BEGIN Given data

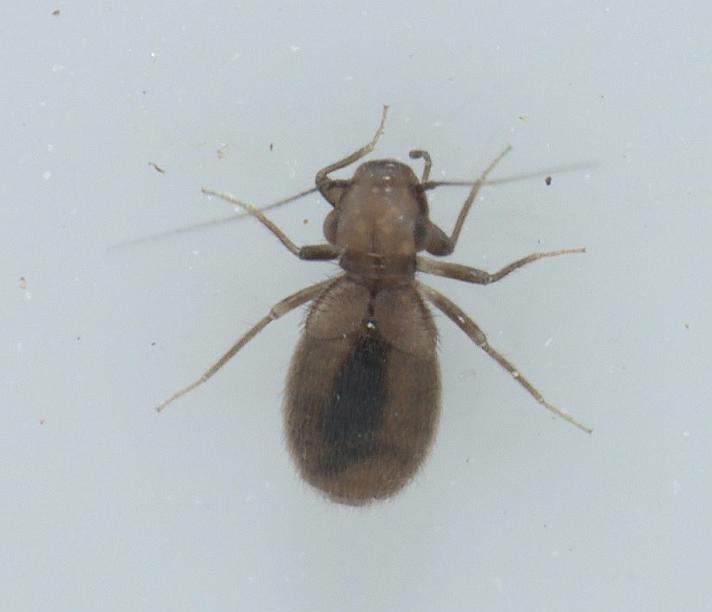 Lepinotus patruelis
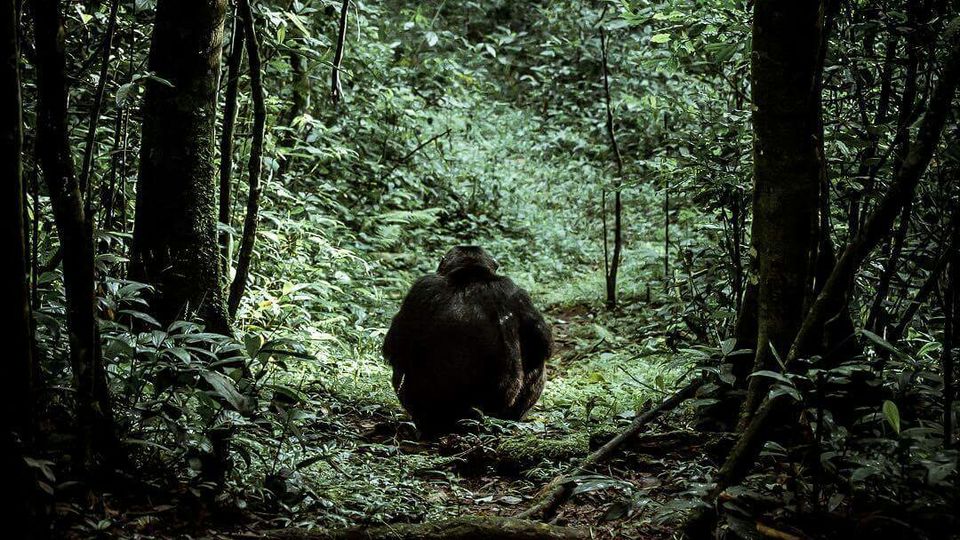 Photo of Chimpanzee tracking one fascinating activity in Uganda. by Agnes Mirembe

END Given data
BEGIN Given data

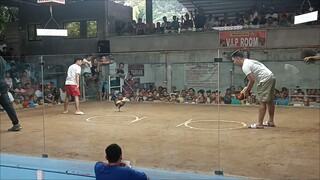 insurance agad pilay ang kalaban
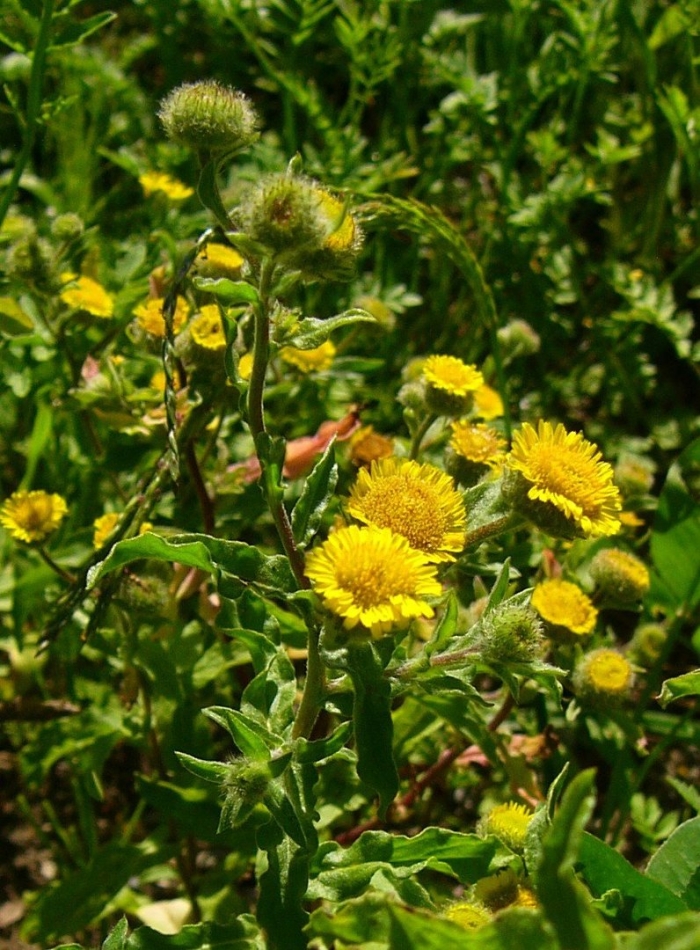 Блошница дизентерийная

END Given data
BEGIN Given data

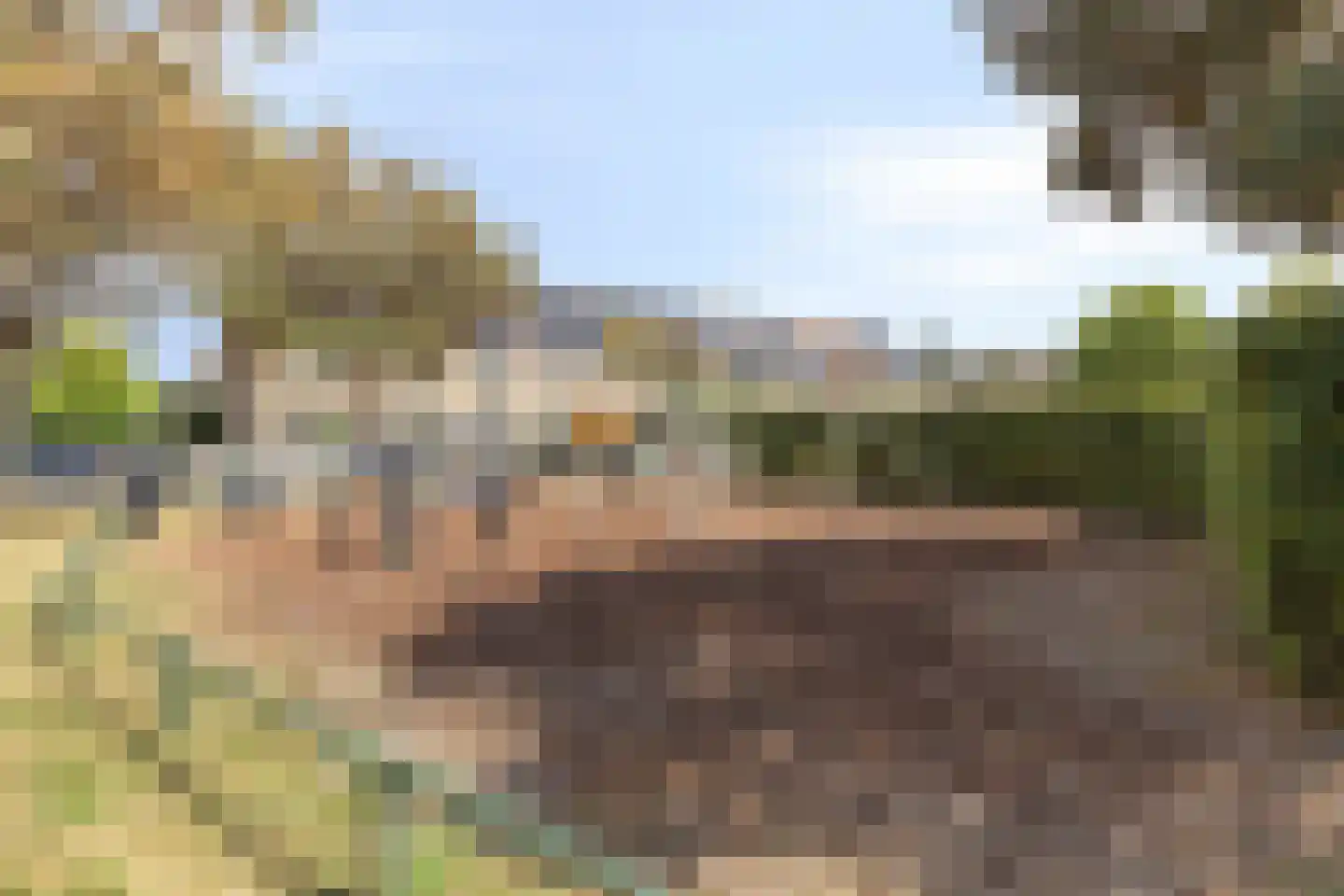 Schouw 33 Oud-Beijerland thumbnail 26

END Given data

Would you copy, word for word, only the lines above from the one containing "Lepinotus patruelis" through the one containing "Photo of Chimpanzee", both included, and please leave out the pictures?

Exercise result -
 Lepinotus patruelis
 Photo of Chimpanzee tracking one fascinating activity in Uganda. by Agnes Mirembe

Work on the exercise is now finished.